#### What you should do:
Print the data below verbatim, minus images.
[Data below — start]
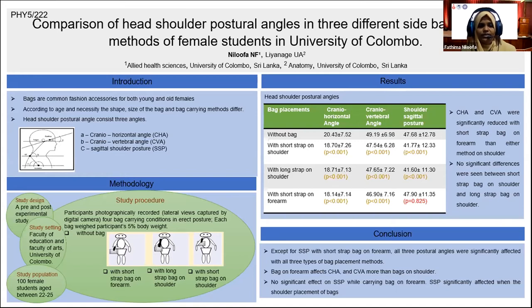The angles were measured using MB Screener Ruler software. The data was analyzed using SPSS version 20. We found all three postural angles reduced with all three types of bag placement methods compared to without bag, except shoulder sagittal posture with short strap bag on forearm, where the angle increased, but the increase was not statistically significant.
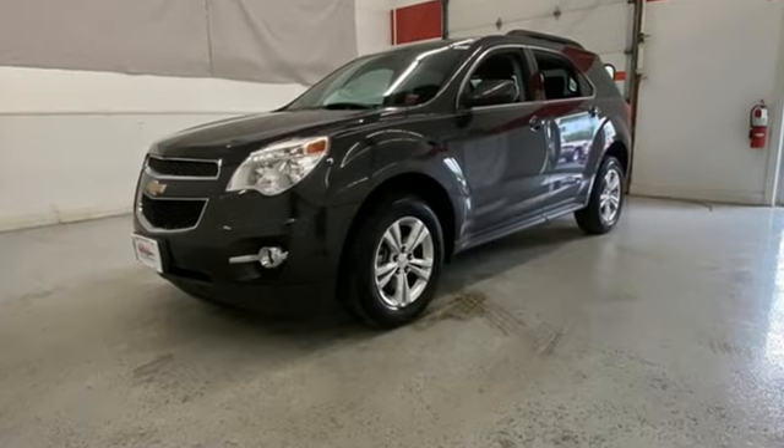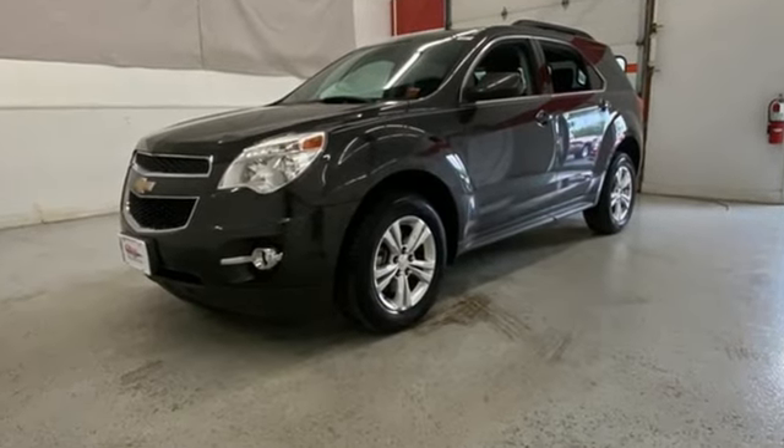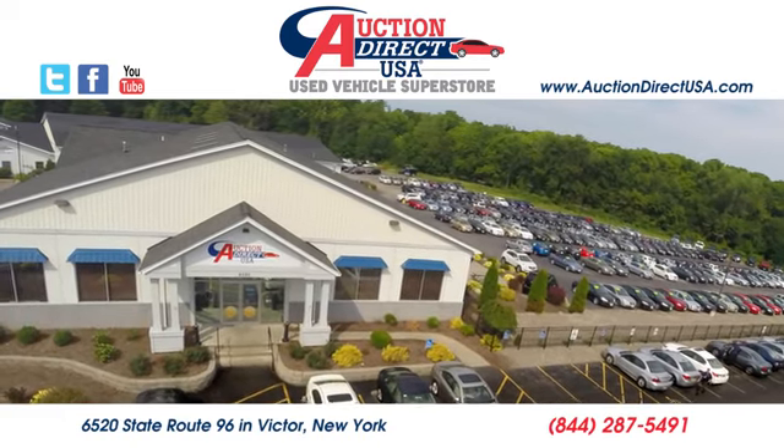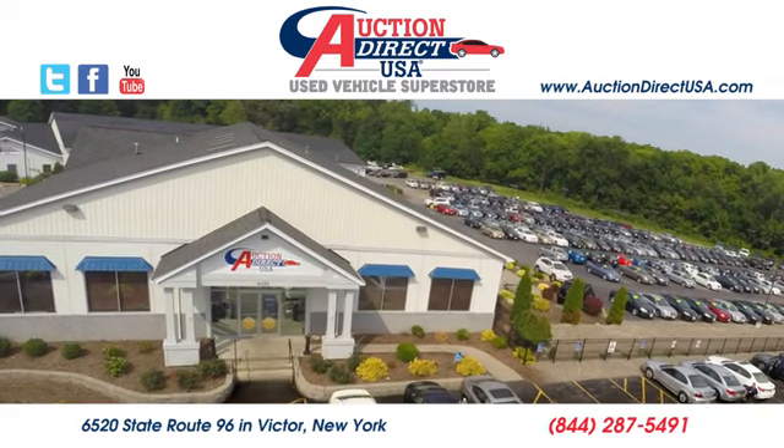Someone's going to drive this fantastic vehicle off the lot — it should be you. Test drive it today. Visit us — we're conveniently located at 6520 State Route 96 in Victor, New York.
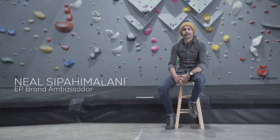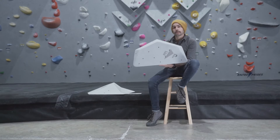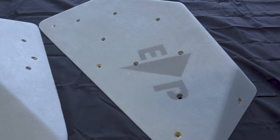My name is Nils Tepamilani. I'm a new brand ambassador for Entreprix Climbing Holds. I'm holding an example of an Entreprix volume from the Essential range. This is one of at least 70 shapes that Entreprix is currently offering, with many more in the development phase.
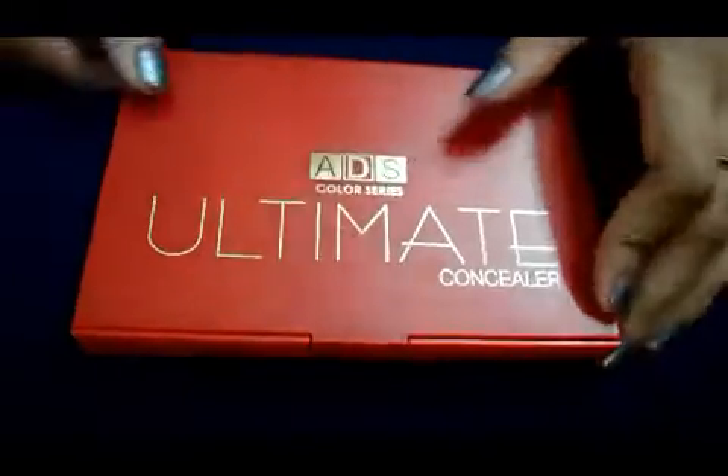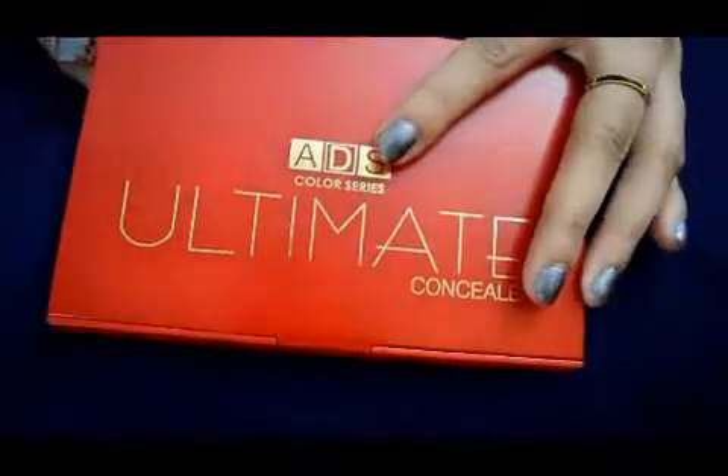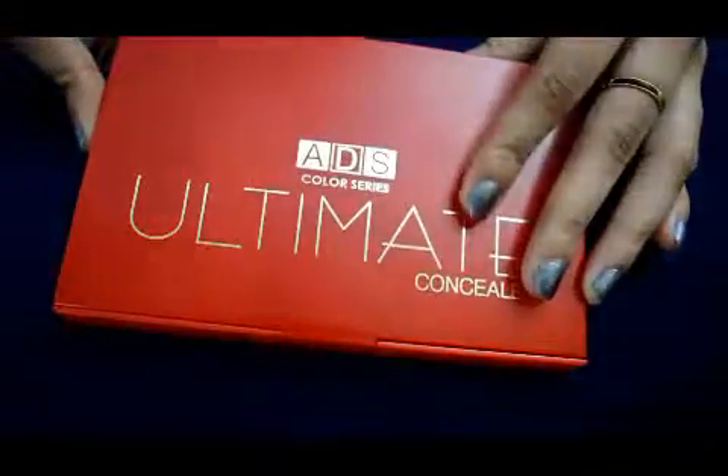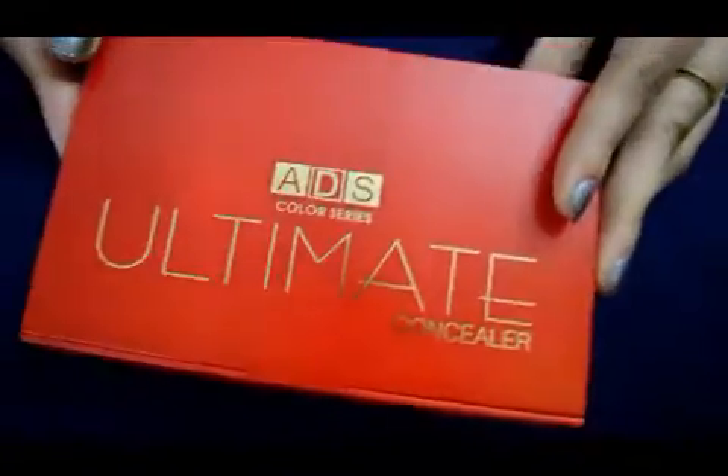Hello friends, today I'm going to give a review on IID's ultimate concealer palette, which I have recently bought online for 225 rupees. When I opened the parcel, I saw the packaging — it's really attractive, I feel so excited to try it.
[Data below — finish]
#### Response for this exercise:
The angles were measured using MB Screener Ruler software. The data was analyzed using SPSS version 20. We found all three postural angles reduced with all three types of bag placement methods compared to without bag, except shoulder sagittal posture with short strap bag on forearm, where the angle increased, but the increase was not statistically significant.
Someone's going to drive this fantastic vehicle off the lot — it should be you. Test drive it today. Visit us — we're conveniently located at 6520 State Route 96 in Victor, New York.
My name is Nils Tepamilani. I'm a new brand ambassador for Entreprix Climbing Holds. I'm holding an example of an Entreprix volume from the Essential range. This is one of at least 70 shapes that Entreprix is currently offering, with many more in the development phase.
Hello friends, today I'm going to give a review on IID's ultimate concealer palette, which I have recently bought online for 225 rupees. When I opened the parcel, I saw the packaging — it's really attractive, I feel so excited to try it.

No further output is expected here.